--- Work instructions ---
Only the lines below between the ones containing "BRIDGES MIZNER PUD" and "24 Somerset Drive Oxford_6", inclusive, are to be reproduced, each exactly as it stands.

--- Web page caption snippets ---

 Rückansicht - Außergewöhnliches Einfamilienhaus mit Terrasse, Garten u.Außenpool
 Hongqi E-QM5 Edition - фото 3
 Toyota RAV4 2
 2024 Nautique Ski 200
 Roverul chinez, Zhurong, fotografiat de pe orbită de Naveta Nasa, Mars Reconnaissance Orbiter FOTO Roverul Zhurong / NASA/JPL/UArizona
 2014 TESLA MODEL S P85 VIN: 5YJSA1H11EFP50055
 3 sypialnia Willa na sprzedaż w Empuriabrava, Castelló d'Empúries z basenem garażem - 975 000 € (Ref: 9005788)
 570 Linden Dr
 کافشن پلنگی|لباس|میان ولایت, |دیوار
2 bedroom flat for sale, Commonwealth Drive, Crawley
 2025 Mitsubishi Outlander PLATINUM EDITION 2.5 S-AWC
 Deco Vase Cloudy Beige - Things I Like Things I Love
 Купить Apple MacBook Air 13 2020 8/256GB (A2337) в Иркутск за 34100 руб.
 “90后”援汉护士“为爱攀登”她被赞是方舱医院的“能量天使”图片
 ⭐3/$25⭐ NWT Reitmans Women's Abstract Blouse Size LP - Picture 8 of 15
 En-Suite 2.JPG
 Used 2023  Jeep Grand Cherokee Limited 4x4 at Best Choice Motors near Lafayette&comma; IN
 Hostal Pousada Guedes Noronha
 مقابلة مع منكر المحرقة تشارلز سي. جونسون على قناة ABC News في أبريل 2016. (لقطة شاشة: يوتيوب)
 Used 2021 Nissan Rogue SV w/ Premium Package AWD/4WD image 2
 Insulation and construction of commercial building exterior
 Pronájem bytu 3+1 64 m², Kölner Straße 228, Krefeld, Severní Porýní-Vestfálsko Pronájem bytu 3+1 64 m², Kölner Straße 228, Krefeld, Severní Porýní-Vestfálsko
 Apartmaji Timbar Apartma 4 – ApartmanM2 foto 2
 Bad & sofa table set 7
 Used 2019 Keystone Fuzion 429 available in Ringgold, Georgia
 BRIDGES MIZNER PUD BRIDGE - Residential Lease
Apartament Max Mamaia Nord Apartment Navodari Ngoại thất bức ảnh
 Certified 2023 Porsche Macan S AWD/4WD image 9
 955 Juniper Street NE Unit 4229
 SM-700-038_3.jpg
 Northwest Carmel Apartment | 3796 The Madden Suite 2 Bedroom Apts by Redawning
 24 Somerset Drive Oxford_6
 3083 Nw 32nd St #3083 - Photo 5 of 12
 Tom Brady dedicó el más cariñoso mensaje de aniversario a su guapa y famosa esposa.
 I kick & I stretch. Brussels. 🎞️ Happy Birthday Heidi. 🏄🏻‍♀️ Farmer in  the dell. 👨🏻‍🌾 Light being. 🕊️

--- Task answer ---
 BRIDGES MIZNER PUD BRIDGE - Residential Lease
Apartament Max Mamaia Nord Apartment Navodari Ngoại thất bức ảnh
 Certified 2023 Porsche Macan S AWD/4WD image 9
 955 Juniper Street NE Unit 4229
 SM-700-038_3.jpg
 Northwest Carmel Apartment | 3796 The Madden Suite 2 Bedroom Apts by Redawning
 24 Somerset Drive Oxford_6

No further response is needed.